Similarly, it can be argued that the proceedings of the ECCC came too late. It was certainly too late for accused persons Ieng Sary, who died in the midst of his trial, and Ieng Thirith, who was declared unfit for trial due to dementia. Numerous potential candidates for prosecution—including chieftain Pol Pot, Southwest Zone Secretary Ta Mok, Central Zone Secretary Ke Pok, Defense Minister Son Sen, and Commerce Minister Van Rith, among others—expired before the proceedings got fully under way. The difficulties of assembling evidence of the crimes decades after they were committed should also not be underestimated. The frailty of human memory becomes acutely evident after so much time has passed. Crime scenes become hopelessly contaminated and even vanish completely. Documentary evidence is also progressively lost, and the chain of custody required to demonstrate the provenance of the material becomes inexorably more ambiguous over time. Convening a tribunal too soon or too late can rob it of much of its utility.

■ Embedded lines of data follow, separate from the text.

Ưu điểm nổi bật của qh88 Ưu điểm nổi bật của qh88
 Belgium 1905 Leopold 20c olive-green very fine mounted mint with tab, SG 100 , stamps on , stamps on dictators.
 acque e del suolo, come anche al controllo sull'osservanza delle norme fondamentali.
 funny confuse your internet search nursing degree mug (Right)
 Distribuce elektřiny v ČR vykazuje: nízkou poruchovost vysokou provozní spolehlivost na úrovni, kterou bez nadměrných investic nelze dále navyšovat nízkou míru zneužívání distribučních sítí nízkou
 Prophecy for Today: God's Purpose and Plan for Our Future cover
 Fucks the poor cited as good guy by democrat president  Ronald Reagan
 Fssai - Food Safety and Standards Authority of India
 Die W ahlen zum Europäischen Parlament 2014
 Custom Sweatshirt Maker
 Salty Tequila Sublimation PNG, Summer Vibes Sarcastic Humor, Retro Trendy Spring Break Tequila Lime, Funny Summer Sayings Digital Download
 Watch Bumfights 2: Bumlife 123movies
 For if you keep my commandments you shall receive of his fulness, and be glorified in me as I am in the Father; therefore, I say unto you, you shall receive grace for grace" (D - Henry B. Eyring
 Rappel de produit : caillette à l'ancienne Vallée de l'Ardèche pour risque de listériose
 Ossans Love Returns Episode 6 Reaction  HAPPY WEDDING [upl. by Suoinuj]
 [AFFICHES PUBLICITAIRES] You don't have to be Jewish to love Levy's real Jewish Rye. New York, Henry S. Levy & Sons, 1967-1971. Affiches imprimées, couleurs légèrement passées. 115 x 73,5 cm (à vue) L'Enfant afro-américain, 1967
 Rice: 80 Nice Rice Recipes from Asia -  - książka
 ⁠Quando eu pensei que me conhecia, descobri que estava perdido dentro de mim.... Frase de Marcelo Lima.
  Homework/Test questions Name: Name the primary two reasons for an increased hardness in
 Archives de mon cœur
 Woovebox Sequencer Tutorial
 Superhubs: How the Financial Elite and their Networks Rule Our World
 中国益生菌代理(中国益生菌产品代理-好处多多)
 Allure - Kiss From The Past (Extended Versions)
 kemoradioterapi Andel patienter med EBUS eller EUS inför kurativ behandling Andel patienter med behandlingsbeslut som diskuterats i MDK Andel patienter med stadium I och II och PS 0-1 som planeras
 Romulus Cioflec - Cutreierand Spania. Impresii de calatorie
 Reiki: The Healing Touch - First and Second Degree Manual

Notwithstanding the challenges of the tribunal model—getting the timing right, ensuring that the proceedings will attract domestic and international legitimacy, finding adequate funding, incorporating appropriate elements of reparations and victim participation, deciding on the right list of persons to prosecute, and so on—retributive justice has some advantages.[5] Foremost is the sense of justice that many victims demand after episodes of mass atrocity. It is also important for society to formally condemn the ideologies and policies that give rise to such atrocities, and a public trial is an excellent venue in which to enact such condemnations. A properly conducted truth commission may well generate a more complete historical record, but trials can also unearth a great deal of information about precisely what happened in the course of serious human rights violations. Finally, an often overlooked but crucial feature of trials is the impact they have upon the public: in Cambodia, the trials shattered a long-standing taboo about discussing the Khmer Rouge. The topic is now incorporated into school curricula, children are finally getting answers from their parents, and neighbors share memories with each other. This effect emerges organically from the very existence of a criminal process, and it helps to knit back together the social fabric that has been torn asunder by violence.

All of the transitional justice techniques discussed here—trials, truth commissions, amnesties, apologies, and reparations—may or may not be appropriate to any particular national context. It may be most effective to apply them singly or in a sequenced combination. Timing is also important; there is such a thing as too soon as well as too late. And the political context is critical. If a given transitional justice measure is regarded as illegitimate by significant domestic and/or international constituencies, or if it is opposed by important regional or global powers, it may end up doing more harm than good. Consequently, transitional justice remains very much an art rather than a science.


[1] John D. Ciorciari and Anne Heindel, On Trial: The Khmer Rouge Accountability Process (Phnom Penh: Documentation Center of Cambodia, 2009).
 

[2] Howard J. De Nike, John Quigley, and Kenneth J. Robinson, eds., Genocide in Cambodia: Documents from the Trial of Pol Pot and Ieng Sary (Philadelphia: University of Pennsylvania Press, 2000).
 

[3] Craig Etcheson, “A Fair and Public Trial: A Political History of the Khmer Rouge Tribunal,” Justice Initiatives: The Extraordinary Chambers, James Goldston, ed., Open Society Institute, 2006.
 

[4] Craig Etcheson, After the Killing Fields: Lessons from the Cambodian Genocide (Westport, CT: Greenwood Publishing, 2005).
 

[5] Craig Etcheson, “The Politics of Genocide Justice in Cambodia,” Internationalized Criminal Courts: Sierra Leone, East Timor, Kosovo and Cambodia, Cesare P.R. Romano, André Nollkaemper, and Jann Kleffner, eds. (Oxford: Oxford University Press, 2004).